Extracted data entries
════════════════

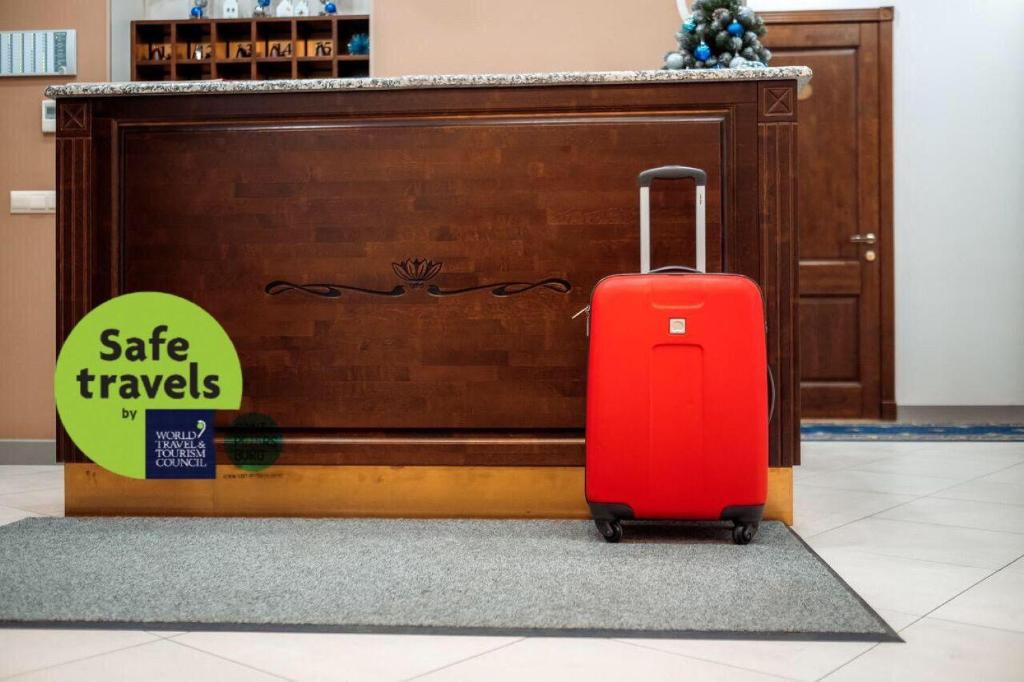 a red suitcase sitting in front of a wall at Boutique Hotel North Flower in Saint Petersburg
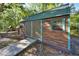Exterior of a shed with double doors, a green corrugated roof, and green trim in a wooded area at 14114 N 301 Hwy, Thonotosassa, FL 33592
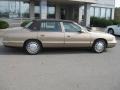 1999 Gold Firemist Cadillac DeVille Sedan  photo #2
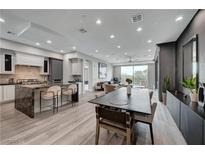 Open-concept living area featuring a kitchen with an island, dining area, and comfortable seating with a view at 9101 Alta Dr # 11, Las Vegas, NV 89145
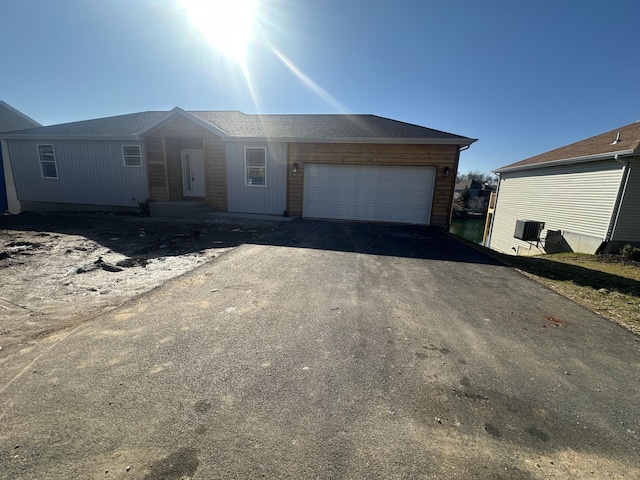 view of front of property featuring cooling unit and a garage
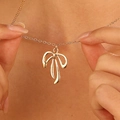 Detail of a polished gold bow pendant necklace on a model showing the elegant O-chain - Gold 3D Bowknot (Thin Chain)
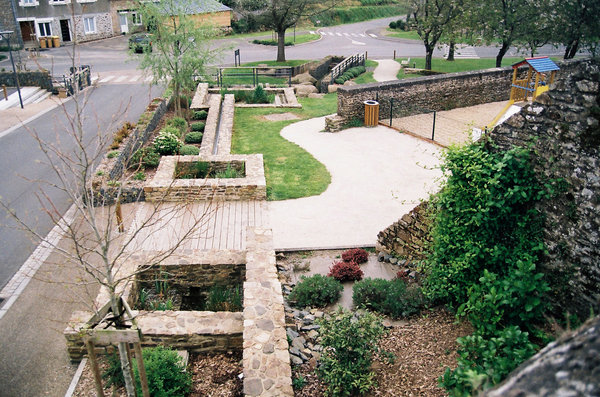 Ce ruisseau et chemin d’eau présente une maçonnerie en moellons de pierre, avec des plantes grimpantes disposées à la base des murs qui offrent une végétalisation verticale. Le parcours de l’eau qui passe par des rigoles, déversoirs, et bassins avec plantes aquatiques chutant dans un ruisseau nouvellement aménagé, est aussi valorisée par le son qu’il produit. Réalisation de l’architecte Christian Harlé et de la designer Arlette Harlé, Saint-Donan, France. Catégories Mentions pour le XIème Prix Européen d’Ar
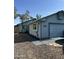 Exterior shot of home and garage, blue paint scheme, xeriscaping and window view at 8155 W Desert Cove Ave, Peoria, AZ 85345
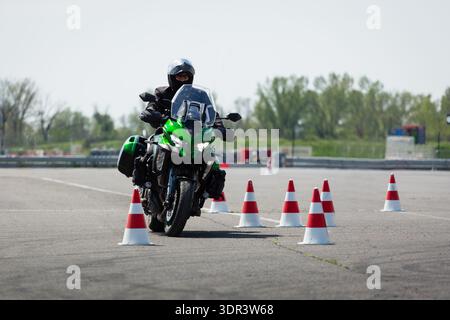 Un motocycliste sur une moto d'aventure verte naviguant à travers un parcours de slalom de cônes rouges et blancs sur un terrain d'entraînement pavé. Banque D'Images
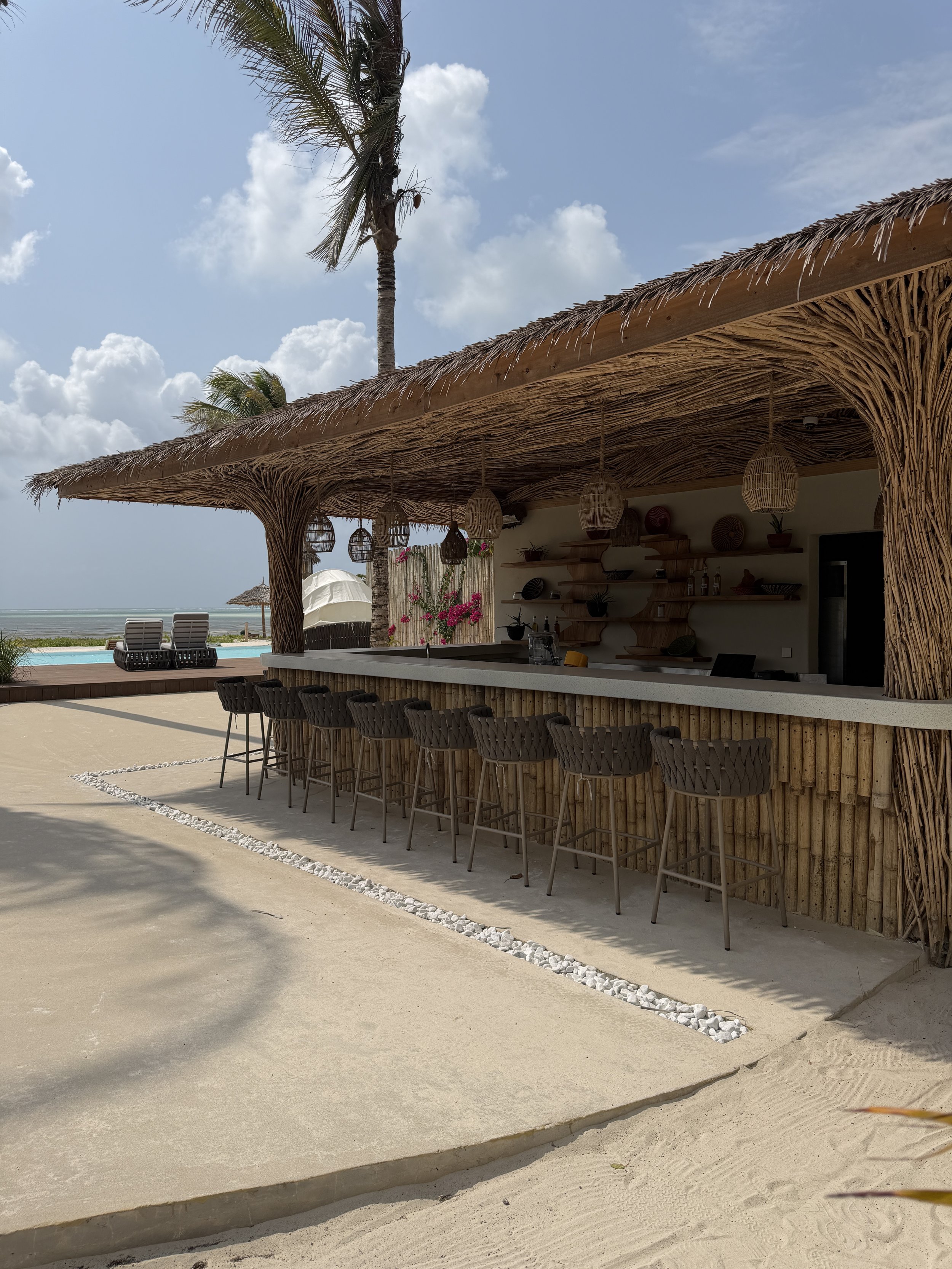 Sfeervolle bar van ENVI Paje op Zanzibar, met een houten bar met prachtig houtsnijwerk, rotan barkrukken en natuurlijke materialen in tropische stijl.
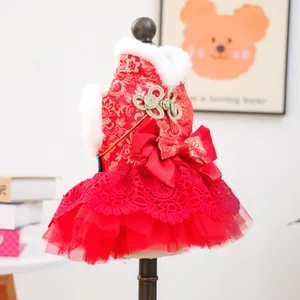 Detail of red Chinese style pet dress with golden flower embroidery and fur collar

════════════════

From the line that contains "view of front" down to the last line of the entries above, copy every line exactly and leave out the pictures.

 view of front of property featuring cooling unit and a garage
 Detail of a polished gold bow pendant necklace on a model showing the elegant O-chain - Gold 3D Bowknot (Thin Chain)
 Ce ruisseau et chemin d’eau présente une maçonnerie en moellons de pierre, avec des plantes grimpantes disposées à la base des murs qui offrent une végétalisation verticale. Le parcours de l’eau qui passe par des rigoles, déversoirs, et bassins avec plantes aquatiques chutant dans un ruisseau nouvellement aménagé, est aussi valorisée par le son qu’il produit. Réalisation de l’architecte Christian Harlé et de la designer Arlette Harlé, Saint-Donan, France. Catégories Mentions pour le XIème Prix Européen d’Ar
 Exterior shot of home and garage, blue paint scheme, xeriscaping and window view at 8155 W Desert Cove Ave, Peoria, AZ 85345
 Un motocycliste sur une moto d'aventure verte naviguant à travers un parcours de slalom de cônes rouges et blancs sur un terrain d'entraînement pavé. Banque D'Images
 Sfeervolle bar van ENVI Paje op Zanzibar, met een houten bar met prachtig houtsnijwerk, rotan barkrukken en natuurlijke materialen in tropische stijl.
 Detail of red Chinese style pet dress with golden flower embroidery and fur collar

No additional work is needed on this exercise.